This is a question my husband and I debate often in my house? Depending on the topic, we alternate positions... sometimes I argue that something is better than nothing and other times I just say, "Why bother?" Of course, I'm always advocating the former when I'm the one in the "dog house." The flip side being that I also say, "Why bother?" when I've been the one wronged, so to speak... and I think my husband would agree that his stance is the same. Again, perspective is a funny thing, isn't it?
Chan offers some insight into this: "This holy God deserves excellence, the very best I have. 'But something is better than nothing?' some protest. Really, is it? Does anyone enjoy token praise? I sure don't. I'd rather you not say anything than compliment me out of obligation or guilt. Why would we think God is any different?" p. 92
The truth here is that a "compliment" or a "thank you" given out of obligation or guilt isn't genuine. For instance, the other day, I took a toy away from my son because it was partially broken, creating a new and incredibly exciting weapon to use against his sisters. I immediately took the toy away from him, despite his relentless protesting. I told him that he should thank me because I was saving him from bigger trouble later. Well... he thanked me. But, it definitely wasn't sincere. I dare say it was sarcastic... He gets that from his father! (Of course, those that know me... know that he completely gets it from me!!!!) However, the thanks I received from his two sister, for ending their brother's tormenting, was completely sincere. Their hugs were genuine and their words of love were joyous. Both were offerings of thanks... but both were completely different. One truly made me feel loved and appreciated... and the other made me want to give someone a swift kick in the pants.

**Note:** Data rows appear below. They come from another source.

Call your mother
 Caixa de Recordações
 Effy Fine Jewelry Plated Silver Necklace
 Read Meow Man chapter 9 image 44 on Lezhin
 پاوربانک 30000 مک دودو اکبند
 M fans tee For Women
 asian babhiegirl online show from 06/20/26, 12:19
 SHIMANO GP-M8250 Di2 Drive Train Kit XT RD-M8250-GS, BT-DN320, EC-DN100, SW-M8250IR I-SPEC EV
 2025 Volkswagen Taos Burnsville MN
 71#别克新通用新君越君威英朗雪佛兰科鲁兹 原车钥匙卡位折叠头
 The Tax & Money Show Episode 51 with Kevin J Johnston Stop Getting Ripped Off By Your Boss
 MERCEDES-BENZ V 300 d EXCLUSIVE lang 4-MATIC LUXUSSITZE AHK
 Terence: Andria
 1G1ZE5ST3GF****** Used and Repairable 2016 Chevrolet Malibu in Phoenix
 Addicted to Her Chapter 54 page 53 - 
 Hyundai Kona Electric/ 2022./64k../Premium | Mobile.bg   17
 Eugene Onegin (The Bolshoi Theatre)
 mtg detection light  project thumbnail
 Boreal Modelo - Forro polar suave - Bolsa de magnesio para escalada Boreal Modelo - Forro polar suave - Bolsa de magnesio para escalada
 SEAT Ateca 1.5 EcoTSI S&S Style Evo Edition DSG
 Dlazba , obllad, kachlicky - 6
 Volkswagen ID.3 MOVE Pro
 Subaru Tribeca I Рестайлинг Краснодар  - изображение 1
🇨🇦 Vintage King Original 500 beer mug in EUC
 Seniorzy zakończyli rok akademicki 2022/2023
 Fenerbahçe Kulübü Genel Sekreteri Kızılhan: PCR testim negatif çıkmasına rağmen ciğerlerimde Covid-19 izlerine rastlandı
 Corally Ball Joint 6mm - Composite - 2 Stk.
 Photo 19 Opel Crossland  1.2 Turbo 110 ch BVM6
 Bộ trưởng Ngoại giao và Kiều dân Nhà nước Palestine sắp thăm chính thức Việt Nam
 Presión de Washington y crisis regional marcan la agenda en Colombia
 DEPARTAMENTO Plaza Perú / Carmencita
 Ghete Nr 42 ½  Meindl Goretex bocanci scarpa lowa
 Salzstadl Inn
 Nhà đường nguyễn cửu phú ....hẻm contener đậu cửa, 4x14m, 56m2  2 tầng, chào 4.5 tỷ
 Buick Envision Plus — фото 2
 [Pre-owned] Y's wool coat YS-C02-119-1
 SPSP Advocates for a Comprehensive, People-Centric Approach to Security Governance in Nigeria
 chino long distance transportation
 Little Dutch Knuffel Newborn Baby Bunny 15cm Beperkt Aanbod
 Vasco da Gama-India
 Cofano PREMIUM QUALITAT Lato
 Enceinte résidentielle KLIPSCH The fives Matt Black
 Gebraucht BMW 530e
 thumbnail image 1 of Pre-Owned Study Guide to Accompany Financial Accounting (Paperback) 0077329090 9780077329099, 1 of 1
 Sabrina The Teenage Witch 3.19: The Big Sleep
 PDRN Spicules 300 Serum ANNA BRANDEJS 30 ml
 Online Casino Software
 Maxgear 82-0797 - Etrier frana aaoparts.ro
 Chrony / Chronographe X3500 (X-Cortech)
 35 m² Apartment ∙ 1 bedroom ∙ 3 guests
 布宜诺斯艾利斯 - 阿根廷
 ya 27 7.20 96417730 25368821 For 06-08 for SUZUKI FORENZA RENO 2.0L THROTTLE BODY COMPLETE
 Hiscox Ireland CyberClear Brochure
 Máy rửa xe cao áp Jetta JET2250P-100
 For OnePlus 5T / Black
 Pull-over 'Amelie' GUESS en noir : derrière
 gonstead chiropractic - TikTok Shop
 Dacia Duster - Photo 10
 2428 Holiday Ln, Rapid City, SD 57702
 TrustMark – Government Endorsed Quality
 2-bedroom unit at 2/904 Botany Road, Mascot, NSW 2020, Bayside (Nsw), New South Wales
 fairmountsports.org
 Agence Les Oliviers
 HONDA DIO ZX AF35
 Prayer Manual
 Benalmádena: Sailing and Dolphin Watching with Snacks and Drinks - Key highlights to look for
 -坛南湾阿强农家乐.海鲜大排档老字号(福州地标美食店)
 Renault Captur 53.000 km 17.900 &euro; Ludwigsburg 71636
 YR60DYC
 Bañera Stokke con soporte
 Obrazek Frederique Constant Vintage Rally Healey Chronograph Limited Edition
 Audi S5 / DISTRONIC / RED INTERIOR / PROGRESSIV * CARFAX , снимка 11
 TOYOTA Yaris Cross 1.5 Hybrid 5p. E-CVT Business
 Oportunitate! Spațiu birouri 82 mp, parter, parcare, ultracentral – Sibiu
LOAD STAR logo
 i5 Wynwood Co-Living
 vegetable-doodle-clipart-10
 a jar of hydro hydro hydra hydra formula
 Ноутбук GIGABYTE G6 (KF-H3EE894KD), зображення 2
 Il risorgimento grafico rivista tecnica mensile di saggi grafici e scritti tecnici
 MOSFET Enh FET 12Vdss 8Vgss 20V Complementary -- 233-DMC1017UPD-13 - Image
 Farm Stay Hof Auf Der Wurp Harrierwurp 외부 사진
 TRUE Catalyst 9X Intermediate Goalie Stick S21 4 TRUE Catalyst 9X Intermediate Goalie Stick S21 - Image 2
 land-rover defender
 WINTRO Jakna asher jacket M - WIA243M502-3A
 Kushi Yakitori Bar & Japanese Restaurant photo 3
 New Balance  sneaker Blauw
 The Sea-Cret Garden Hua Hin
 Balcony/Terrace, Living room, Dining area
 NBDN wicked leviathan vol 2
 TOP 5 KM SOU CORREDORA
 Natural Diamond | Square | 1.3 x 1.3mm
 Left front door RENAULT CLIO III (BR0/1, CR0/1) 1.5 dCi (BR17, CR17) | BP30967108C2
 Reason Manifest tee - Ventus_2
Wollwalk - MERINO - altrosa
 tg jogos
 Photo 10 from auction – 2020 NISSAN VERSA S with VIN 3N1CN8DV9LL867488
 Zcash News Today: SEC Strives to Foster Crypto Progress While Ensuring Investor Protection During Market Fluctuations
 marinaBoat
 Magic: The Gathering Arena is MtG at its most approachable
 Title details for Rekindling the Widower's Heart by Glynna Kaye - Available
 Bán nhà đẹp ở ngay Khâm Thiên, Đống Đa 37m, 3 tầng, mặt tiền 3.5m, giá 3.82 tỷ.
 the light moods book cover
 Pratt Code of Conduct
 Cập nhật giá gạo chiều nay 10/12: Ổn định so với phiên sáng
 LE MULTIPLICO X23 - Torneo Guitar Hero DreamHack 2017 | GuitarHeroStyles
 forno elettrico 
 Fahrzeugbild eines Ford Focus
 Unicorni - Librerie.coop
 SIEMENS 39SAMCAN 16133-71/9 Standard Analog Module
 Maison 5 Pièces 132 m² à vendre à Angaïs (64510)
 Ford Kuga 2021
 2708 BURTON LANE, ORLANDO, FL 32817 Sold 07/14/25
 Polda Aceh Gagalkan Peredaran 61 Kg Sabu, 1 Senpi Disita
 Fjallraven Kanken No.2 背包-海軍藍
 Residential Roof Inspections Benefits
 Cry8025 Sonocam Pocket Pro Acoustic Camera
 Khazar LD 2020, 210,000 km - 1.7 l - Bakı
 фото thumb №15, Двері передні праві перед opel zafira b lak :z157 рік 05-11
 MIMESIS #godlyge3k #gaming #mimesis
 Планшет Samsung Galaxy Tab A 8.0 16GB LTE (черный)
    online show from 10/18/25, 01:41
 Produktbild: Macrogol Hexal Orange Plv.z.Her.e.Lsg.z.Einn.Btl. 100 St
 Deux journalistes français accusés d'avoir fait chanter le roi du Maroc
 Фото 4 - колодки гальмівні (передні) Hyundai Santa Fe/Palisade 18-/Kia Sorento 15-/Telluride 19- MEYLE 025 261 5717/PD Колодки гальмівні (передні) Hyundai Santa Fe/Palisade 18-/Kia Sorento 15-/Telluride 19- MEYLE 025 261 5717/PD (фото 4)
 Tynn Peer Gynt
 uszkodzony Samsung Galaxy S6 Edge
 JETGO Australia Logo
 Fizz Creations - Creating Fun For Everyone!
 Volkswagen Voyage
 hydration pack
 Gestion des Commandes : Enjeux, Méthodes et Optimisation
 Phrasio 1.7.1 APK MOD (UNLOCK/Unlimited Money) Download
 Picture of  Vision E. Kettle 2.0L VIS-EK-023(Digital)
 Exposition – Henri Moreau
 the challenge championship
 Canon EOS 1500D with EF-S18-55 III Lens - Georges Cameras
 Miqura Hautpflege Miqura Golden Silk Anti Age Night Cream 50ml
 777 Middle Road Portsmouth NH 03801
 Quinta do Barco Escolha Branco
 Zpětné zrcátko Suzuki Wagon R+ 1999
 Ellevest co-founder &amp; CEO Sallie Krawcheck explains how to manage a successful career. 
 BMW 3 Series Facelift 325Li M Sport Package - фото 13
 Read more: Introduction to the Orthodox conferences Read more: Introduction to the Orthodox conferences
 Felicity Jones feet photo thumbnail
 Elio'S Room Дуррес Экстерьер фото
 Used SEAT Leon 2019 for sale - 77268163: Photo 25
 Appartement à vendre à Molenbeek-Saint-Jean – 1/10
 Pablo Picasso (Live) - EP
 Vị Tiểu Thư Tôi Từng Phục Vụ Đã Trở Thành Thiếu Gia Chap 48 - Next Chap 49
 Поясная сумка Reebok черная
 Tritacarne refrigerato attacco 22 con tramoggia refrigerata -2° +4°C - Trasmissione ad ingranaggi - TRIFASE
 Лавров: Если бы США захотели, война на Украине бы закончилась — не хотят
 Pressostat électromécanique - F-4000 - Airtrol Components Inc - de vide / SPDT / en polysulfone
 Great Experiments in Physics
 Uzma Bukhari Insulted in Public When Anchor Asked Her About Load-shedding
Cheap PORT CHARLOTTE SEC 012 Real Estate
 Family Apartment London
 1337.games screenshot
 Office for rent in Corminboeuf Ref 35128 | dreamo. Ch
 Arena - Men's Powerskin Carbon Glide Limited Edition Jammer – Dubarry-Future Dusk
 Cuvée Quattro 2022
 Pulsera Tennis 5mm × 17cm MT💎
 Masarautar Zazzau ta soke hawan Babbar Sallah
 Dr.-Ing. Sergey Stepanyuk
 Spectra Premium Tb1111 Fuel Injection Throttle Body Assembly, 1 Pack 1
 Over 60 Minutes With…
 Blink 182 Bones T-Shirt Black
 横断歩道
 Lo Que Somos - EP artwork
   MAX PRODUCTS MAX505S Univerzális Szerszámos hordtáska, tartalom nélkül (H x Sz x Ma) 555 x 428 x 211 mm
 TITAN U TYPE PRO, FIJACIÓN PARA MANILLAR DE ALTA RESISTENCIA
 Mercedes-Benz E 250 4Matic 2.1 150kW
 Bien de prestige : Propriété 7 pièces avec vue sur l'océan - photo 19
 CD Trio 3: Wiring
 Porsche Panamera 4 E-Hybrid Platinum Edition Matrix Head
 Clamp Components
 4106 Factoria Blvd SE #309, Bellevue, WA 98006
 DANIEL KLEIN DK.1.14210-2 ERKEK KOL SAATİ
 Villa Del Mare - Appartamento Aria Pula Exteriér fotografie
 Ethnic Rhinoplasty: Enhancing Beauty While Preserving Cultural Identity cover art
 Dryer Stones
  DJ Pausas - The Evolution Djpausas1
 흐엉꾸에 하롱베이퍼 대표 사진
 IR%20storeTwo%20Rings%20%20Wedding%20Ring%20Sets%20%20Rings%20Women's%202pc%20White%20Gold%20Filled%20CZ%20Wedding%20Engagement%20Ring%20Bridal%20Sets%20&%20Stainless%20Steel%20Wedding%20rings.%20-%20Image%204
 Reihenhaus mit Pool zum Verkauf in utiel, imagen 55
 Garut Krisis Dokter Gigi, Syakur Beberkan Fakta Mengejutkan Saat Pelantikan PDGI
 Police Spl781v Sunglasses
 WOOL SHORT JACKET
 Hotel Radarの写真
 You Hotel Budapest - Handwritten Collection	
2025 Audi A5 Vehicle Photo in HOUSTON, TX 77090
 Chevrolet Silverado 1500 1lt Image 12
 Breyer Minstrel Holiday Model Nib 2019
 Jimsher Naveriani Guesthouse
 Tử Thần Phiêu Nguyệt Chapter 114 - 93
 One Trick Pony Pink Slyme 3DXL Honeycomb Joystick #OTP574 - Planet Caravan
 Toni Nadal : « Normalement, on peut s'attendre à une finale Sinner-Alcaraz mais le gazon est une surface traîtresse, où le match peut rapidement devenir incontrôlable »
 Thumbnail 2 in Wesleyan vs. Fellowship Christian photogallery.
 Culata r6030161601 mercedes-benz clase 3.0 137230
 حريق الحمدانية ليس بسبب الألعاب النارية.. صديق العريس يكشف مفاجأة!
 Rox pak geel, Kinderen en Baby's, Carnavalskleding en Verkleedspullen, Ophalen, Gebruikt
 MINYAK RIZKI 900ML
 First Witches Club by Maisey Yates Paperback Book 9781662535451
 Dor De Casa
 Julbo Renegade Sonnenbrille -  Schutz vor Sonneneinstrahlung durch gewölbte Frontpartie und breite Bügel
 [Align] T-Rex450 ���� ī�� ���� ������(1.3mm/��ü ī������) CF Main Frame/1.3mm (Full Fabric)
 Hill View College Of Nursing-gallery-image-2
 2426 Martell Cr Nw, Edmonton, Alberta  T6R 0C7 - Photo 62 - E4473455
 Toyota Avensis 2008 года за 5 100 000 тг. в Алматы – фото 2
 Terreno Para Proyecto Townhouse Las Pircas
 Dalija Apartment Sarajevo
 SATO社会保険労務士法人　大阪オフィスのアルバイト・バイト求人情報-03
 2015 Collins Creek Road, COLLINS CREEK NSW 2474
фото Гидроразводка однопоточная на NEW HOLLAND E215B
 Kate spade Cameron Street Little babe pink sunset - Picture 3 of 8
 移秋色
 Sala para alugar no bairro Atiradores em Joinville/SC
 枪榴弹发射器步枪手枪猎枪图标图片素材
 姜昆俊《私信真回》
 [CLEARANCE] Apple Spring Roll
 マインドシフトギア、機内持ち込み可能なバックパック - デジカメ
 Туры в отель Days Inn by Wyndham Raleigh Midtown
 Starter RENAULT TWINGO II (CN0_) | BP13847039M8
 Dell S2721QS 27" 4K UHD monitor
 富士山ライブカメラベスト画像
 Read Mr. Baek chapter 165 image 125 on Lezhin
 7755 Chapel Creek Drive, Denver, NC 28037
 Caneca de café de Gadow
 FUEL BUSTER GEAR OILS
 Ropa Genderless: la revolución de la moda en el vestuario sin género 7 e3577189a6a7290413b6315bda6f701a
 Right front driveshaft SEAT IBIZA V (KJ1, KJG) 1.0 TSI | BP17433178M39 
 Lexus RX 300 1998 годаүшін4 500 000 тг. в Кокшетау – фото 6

When we're on the receiving end, intentions always seem to matter. So why is it that when we're the ones giving, we don't hold ourselves to the same standard? Maybe we're not aware of the double standard? Maybe we genuinely feel that something IS better than nothing? Or maybe we've never taken the time to look at things from another perspective?
Take some time to look at this from God's perspective. Take a hard look at everything you give to Him... not just your money. (Your service for Him, your quiet time with Him) Are you giving Him "just enough" or are you giving Him your best? Or are you not giving Him anything at all?